* _PROBLEM TO WORK ON_
Return the listing below exactly as it stands. Pictures stay out.

* _DATA BELOW_
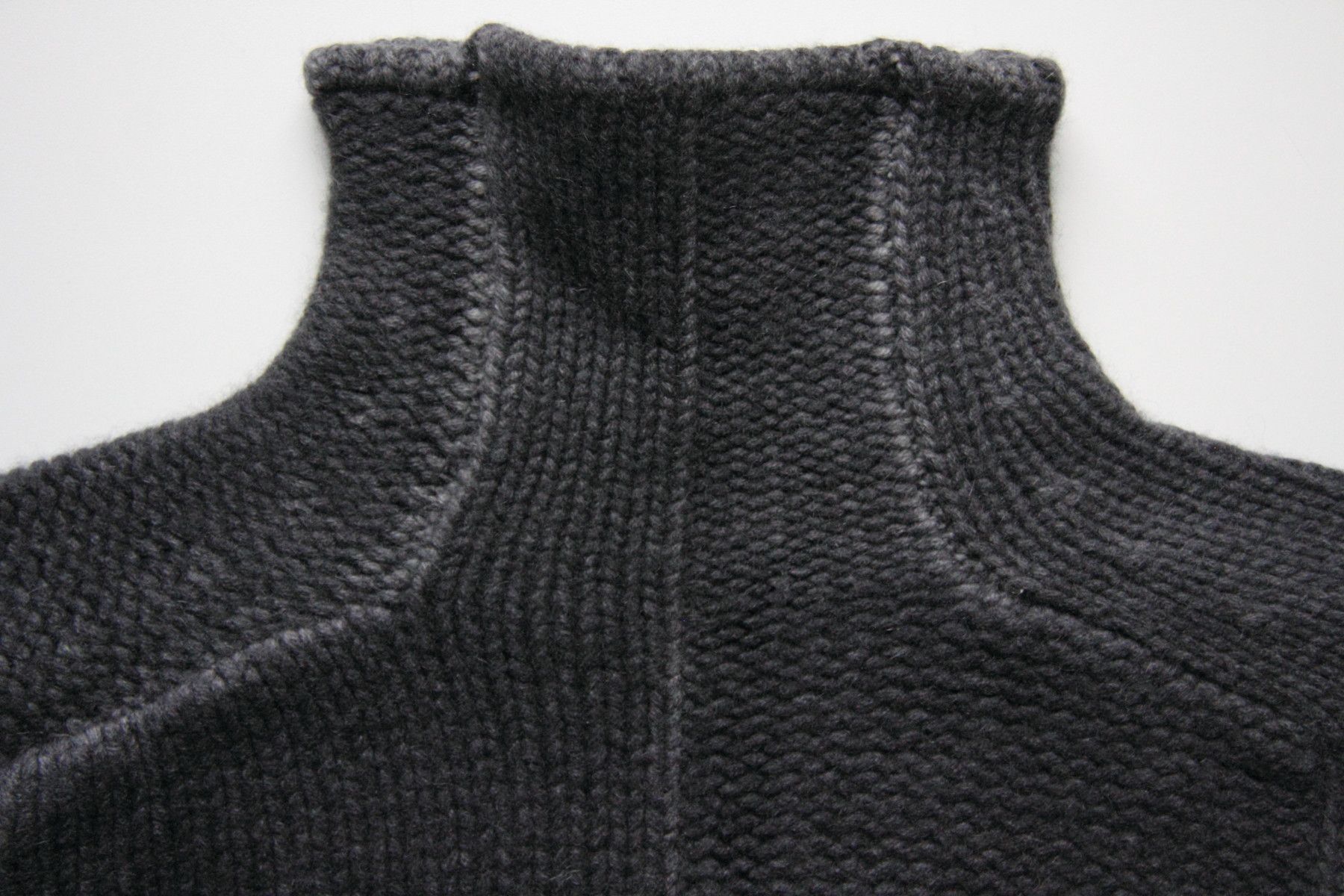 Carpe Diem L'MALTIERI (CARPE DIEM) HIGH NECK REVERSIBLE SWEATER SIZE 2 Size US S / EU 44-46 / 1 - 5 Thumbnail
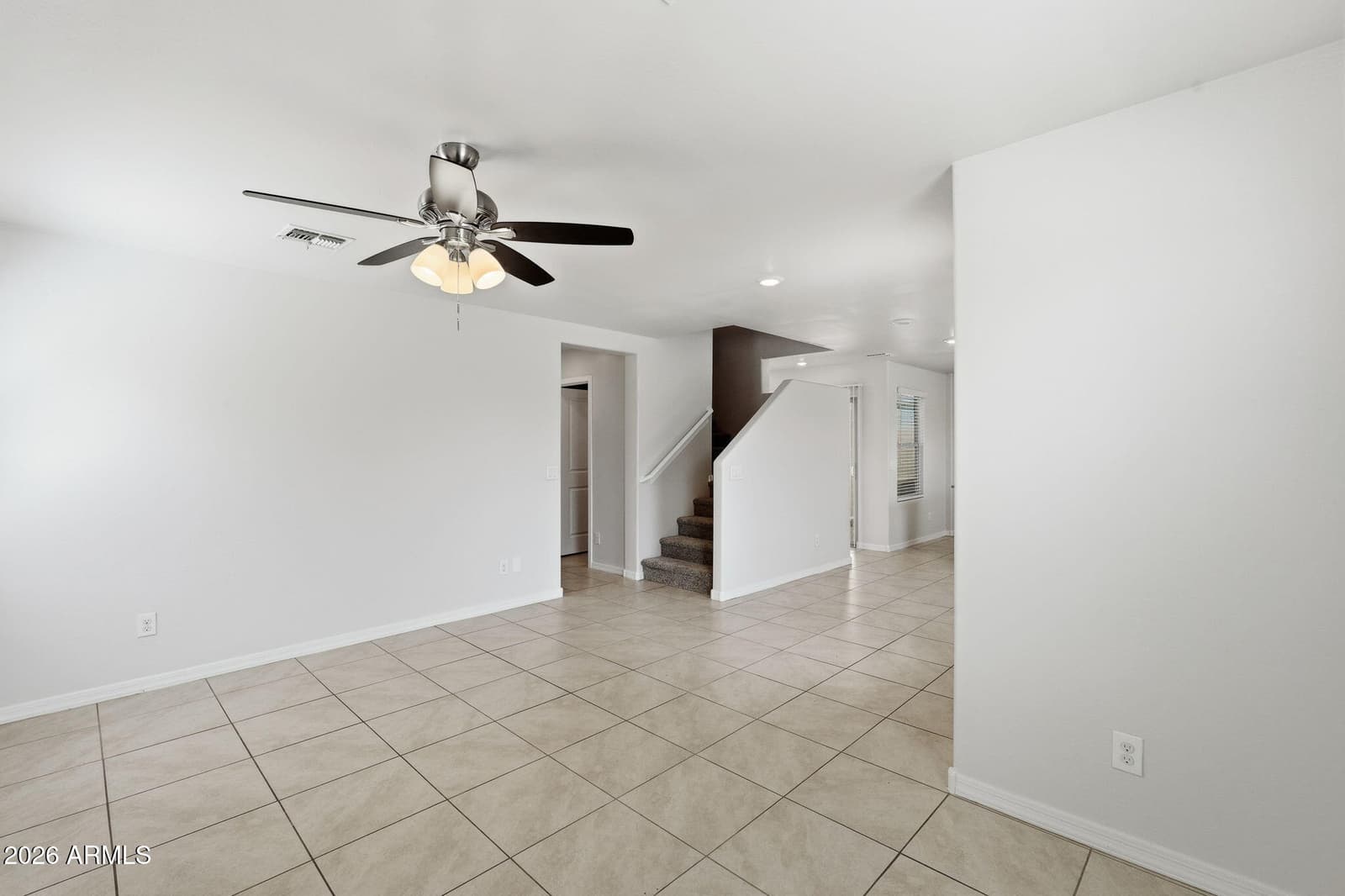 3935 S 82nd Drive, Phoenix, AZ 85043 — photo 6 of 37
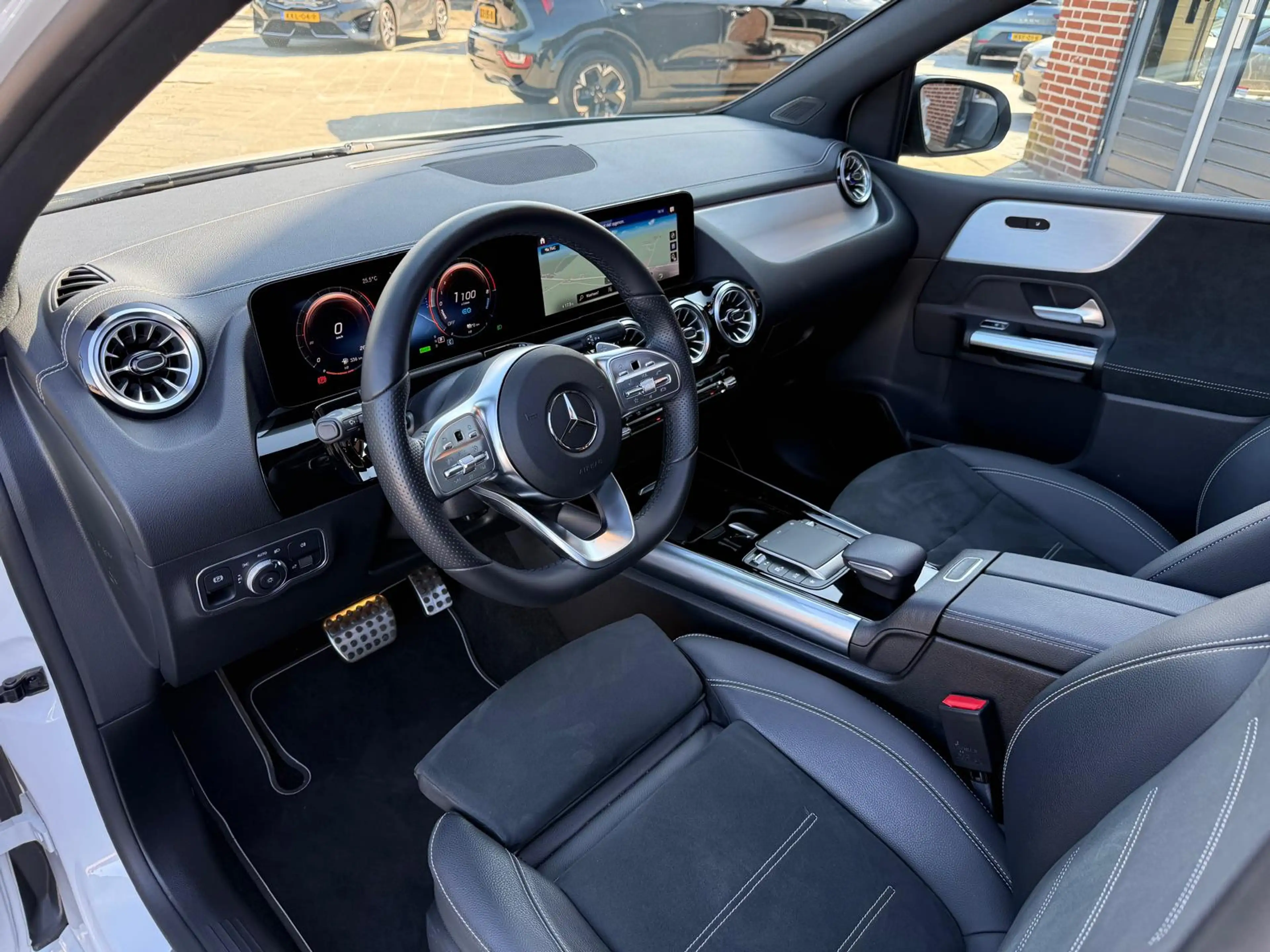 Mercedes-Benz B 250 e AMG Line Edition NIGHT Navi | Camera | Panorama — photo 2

* _REPLY TO THE TASK_
 Carpe Diem L'MALTIERI (CARPE DIEM) HIGH NECK REVERSIBLE SWEATER SIZE 2 Size US S / EU 44-46 / 1 - 5 Thumbnail
 3935 S 82nd Drive, Phoenix, AZ 85043 — photo 6 of 37
 Mercedes-Benz B 250 e AMG Line Edition NIGHT Navi | Camera | Panorama — photo 2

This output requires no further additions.